Document Type



Doctor of Philosophy (PhD)


Civil Engineering

First Advisor's Name

Xia Jin

First Advisor's Committee Title

Committee Chair

Second Advisor's Name

Mohammed Hadi

Second Advisor's Committee Title

Committee Member

Third Advisor's Name

Atorod Azizinamini

Third Advisor's Committee Title

Committee Member

Fourth Advisor's Name

B M Golam Kibria

Fourth Advisor's Committee Title

Committee Member


Secondary Crash, Incidents Management, Traffic Safety, Risk Factors, Crash Modification Factors

Date of Defense



Secondary crashes (SCs) usually occur due to congestion or other prior incidents. SCs are increasingly spotted as a significant issue in traffic operations, leading to reduced capacity, extra traffic delays, increased fuel consumption, and additional emissions. SCs have substantial impacts on traffic management resource allocation. One of the challenges in the traffic safety area of the transportation industry is to determine an adequate method for identifying SCs. The specific objectives of this study are: identification of SCs using spatiotemporal criteria and exploring the contributing risk factors to the identified SCs.

Two different approaches were explored to identify SCs. The first approach is based on a “static” method that employs a predefined 2 miles-2 hours fixed spatiotemporal threshold. Four-year (2011 to 2014) crash and traffic data from the Crash Analysis Reporting (CAR) system database were used. The linear referencing tool of Geographic Information Systems (GIS) was applied to identify crashes that fell within the threshold. About 1.49% of all crashes were identified as SCs. A Structural Equation Model (SEM) was developed to investigate the contributing risk factors to the occurrence and severity level of SCs.

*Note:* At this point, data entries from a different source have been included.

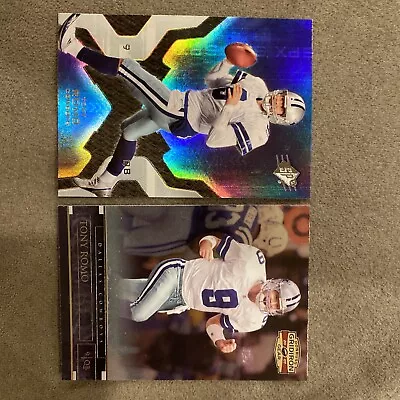 $0.99 • Buy 2007 SPx Tony Romo #26 And 2007 Gridiron Gear #1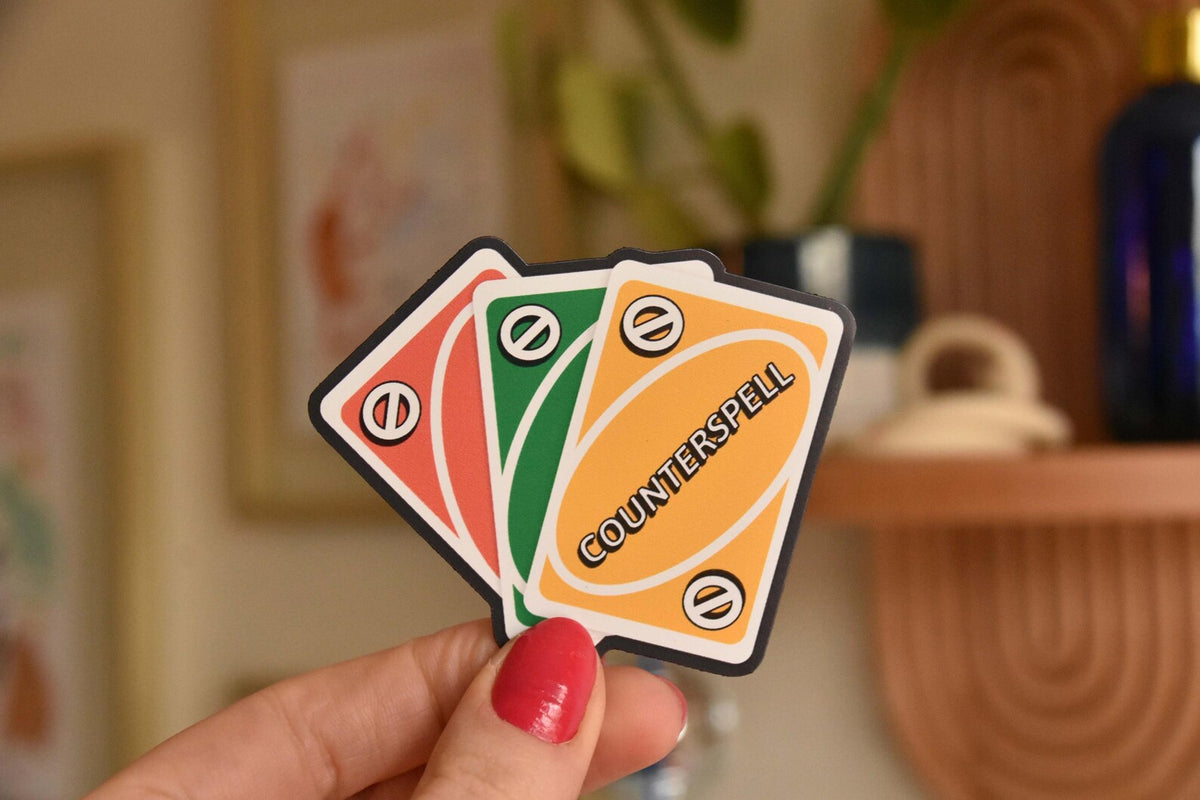 Counterspell Sticker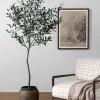 Faux 72" Olive Tree with Ceramic Pot|UCP INTERNATIONAL COMPANY LIMITED New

Model results revealed that a series of driver attributes contributed to the occurrence of SCs, including the influence of alcohol or drug, inattentive driving, fatigue or speeding. Other variables that might lead to higher probabilities of SCs include vehicle attributes (brake defects, motorcycles), roadway conditions (roadway surface, vision obstruction) and environmental factors (raining condition Given that about 40% of SCs were rear-end crashes, this study also examined contributing factors to severity levels of rear-end SCs. Results revealed that the presence of horizontal curves, presence of guardrail, and posted speed limit showed a significant influence on the severity level of SCs. Crash modification factors were also developed by considering the roadway and traffic characteristics.

In contrast to the static method, the dynamic approach identifies a dynamic spatiotemporal impact area for each primary incident using the Speed Contour Plot method. This analysis was explored using the Regional Integrated Transportation Information System (RITIS) and the SunGuide™ database for the year of 2014-2017. This study further analyzed contributing risk factors to SCs on I-95 and found that SCs were more likely to occur if primary incident clearance times were longer. It also revealed that SCs were more severe at night and on weekends. It implies that timely emergency responses would have a significant effect on mitigating SCs. These findings point to necessary strategies to mitigate SCs, including improved traffic management policies and implementation of advanced intelligent transportation warning systems.

One of the challenges in addressing SCs lies in the lack of quality databases (such as speed data and incident information) to appropriately identify and investigate SCs. Therefore, future efforts may focus on institute a framework that combines all levels of databases from multiple sources, which can help timely identification and investigation of SCs. This would lead to the development and implementation of efficient and effective countermeasures to mitigate SC and enhance safety.